**WORK INSTRUCTIONS**
Find the line containing "2015 Harley-Davidson XL1200 V" in the listing below. Repeat it exactly, along with each following line up to and including the one containing "Hotel Rural Los".

[INPUT Boundary: Start]

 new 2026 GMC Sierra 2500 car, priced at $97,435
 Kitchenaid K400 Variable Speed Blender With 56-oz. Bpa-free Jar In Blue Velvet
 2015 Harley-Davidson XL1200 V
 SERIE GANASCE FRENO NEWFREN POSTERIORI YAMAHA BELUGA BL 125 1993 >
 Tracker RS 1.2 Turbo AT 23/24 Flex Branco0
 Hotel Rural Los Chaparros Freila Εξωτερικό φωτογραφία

[INPUT Boundary: End]
[INPUT Boundary: Start]

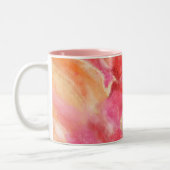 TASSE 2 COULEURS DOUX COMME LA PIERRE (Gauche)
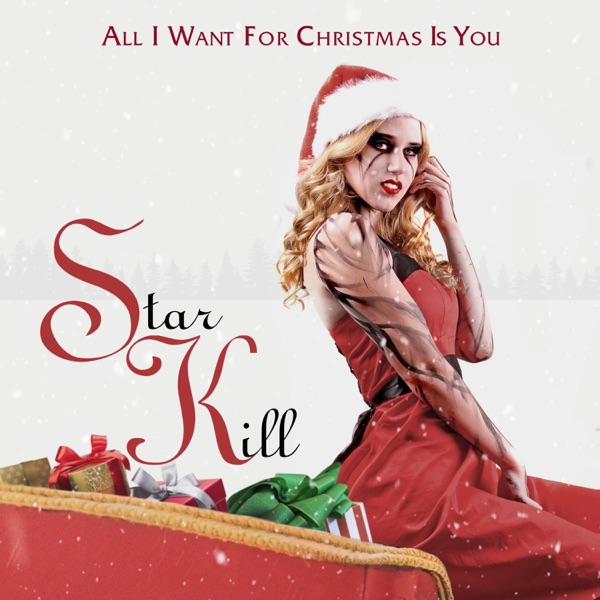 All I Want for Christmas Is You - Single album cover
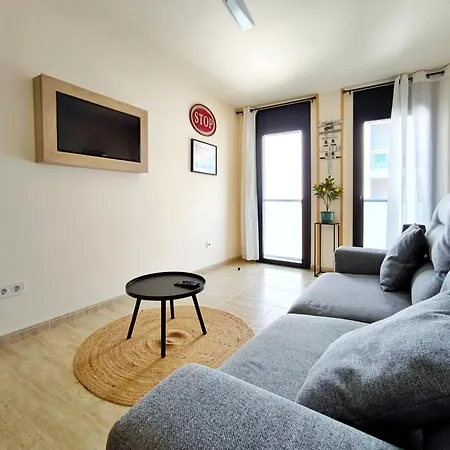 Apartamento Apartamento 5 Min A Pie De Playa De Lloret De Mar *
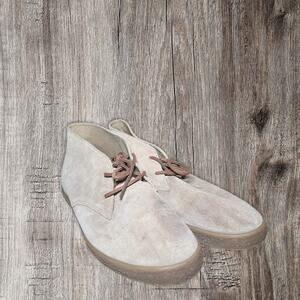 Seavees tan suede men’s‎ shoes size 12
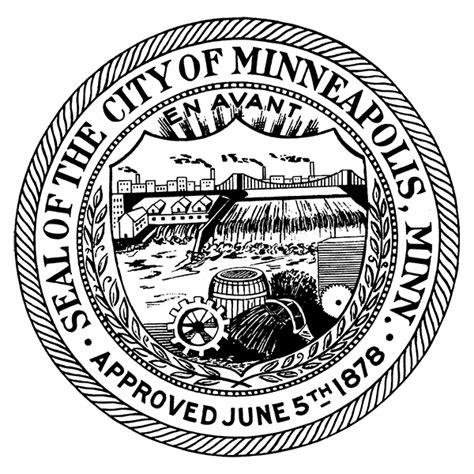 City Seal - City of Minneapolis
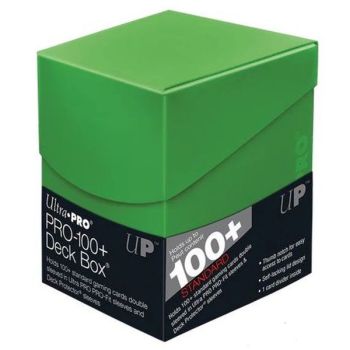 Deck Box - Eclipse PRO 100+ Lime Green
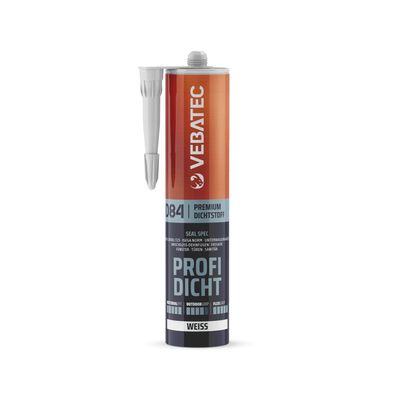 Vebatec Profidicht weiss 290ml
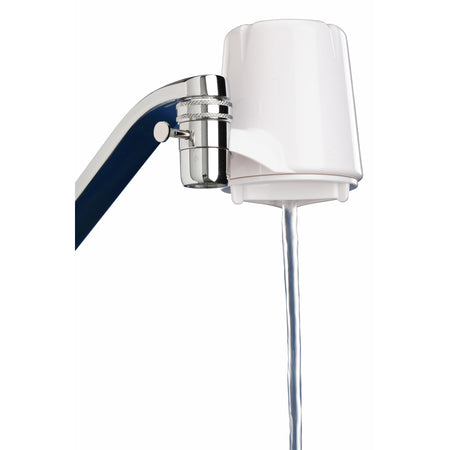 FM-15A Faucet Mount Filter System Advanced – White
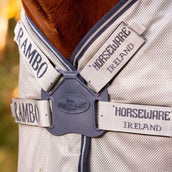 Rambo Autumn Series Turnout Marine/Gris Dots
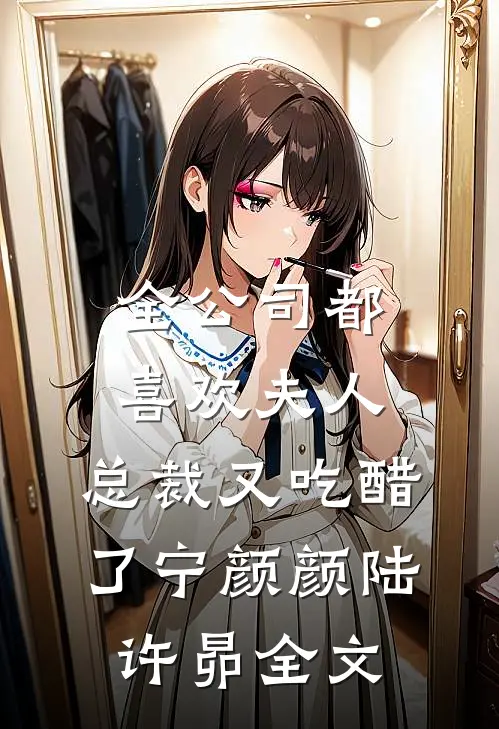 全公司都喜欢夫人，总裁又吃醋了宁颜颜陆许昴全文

[INPUT Boundary: End]

**ANSWER TO THE EXERCISE**
 2015 Harley-Davidson XL1200 V
 SERIE GANASCE FRENO NEWFREN POSTERIORI YAMAHA BELUGA BL 125 1993 >
 Tracker RS 1.2 Turbo AT 23/24 Flex Branco0
 Hotel Rural Los Chaparros Freila Εξωτερικό φωτογραφία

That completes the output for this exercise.